Breast cancer (BC), especially the inflammatory subtype (IBC), represents a highly aggressive form of cancer, often marked by the overexpression of cyclooxygenase-2 (COX-2). COX-2 contributes significantly to the inflammatory process, driving tumor growth and metastasis. Its overexpression correlates with poor prognosis because it supports the epithelial-mesenchymal transition (EMT), a process that increases the invasiveness and spread of cancer cells.
Celecoxib: A Selective COX-2 Inhibitor for Breast Cancer Research
Celecoxib is a selective COX-2 inhibitor that works by suppressing COX-2 activity, which in turn reduces the production of prostaglandin E2 (PGE2). This inhibition affects multiple downstream signaling pathways, including the stabilization of E-cadherin, a protein essential for cell-to-cell adhesion. By targeting this pathway, celecoxib disrupts cell adhesion, thus impairing the metastatic potential of cancer cells.
The Effect of Celecoxib
In vitro experiments with IBC cell lines, such as SUM149, showed that celecoxib at a concentration of 50 μM for 48 hours significantly lowered the protein levels of E-cadherin, β-catenin, and p120 catenin. The treatment also increased cell death, as indicated by propidium iodide (PI) staining. Celecoxib also inhibited the phosphorylation of AKT and GSK3β, key regulators of cell survival. Moreover, it disrupted cell aggregation in 3D cultures, leading to increased cell death by day 3.
In vivo studies in mice with established SUM149 xenograft tumors demonstrated that treatment with 1000 mg/kg of celecoxib for 7 days significantly reduced tumor growth, as measured by tumor volume. Western blot analysis showed decreased levels of E-cadherin and other proteins like pGSK3βS9 in treated tumors. Celecoxib also reduced the number of circulating tumor cells (CTCs) in the blood, suggesting its potential to hinder metastasis.

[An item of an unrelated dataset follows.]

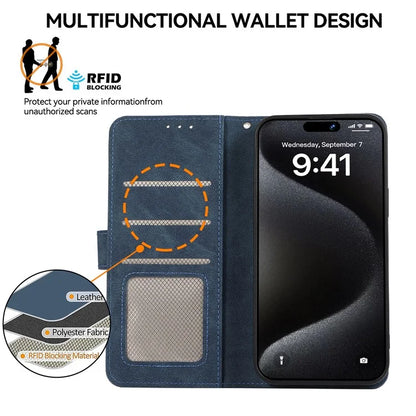 ABEEL For iPhone 15 Pro Cell Phone Cases RFID Blocking Wallet Shell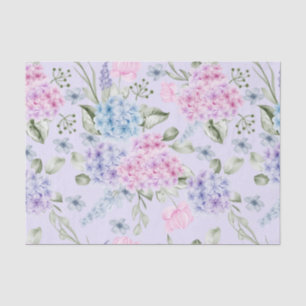 Pastel Watercolor Mixed Colour Hydrangea Flowers   Tissue Paper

In BCM-5471 patient-derived xenograft (PDX) models, celecoxib alone or in combination with paclitaxel reduced lung metastases. Experimental studies on lung metastasis showed that both celecoxib alone and in combination with paclitaxel significantly reduced metastatic burden.
In conclusion, celecoxib is a selective COX-2 inhibitor that downregulates E-cadherin complex proteins. It represents a promising therapeutic approach for metastatic breast cancer.
Reference
[1] Balamurugan, Kuppusamy et al. JCI Insight. 2023 Mar 22;8(6):e156057.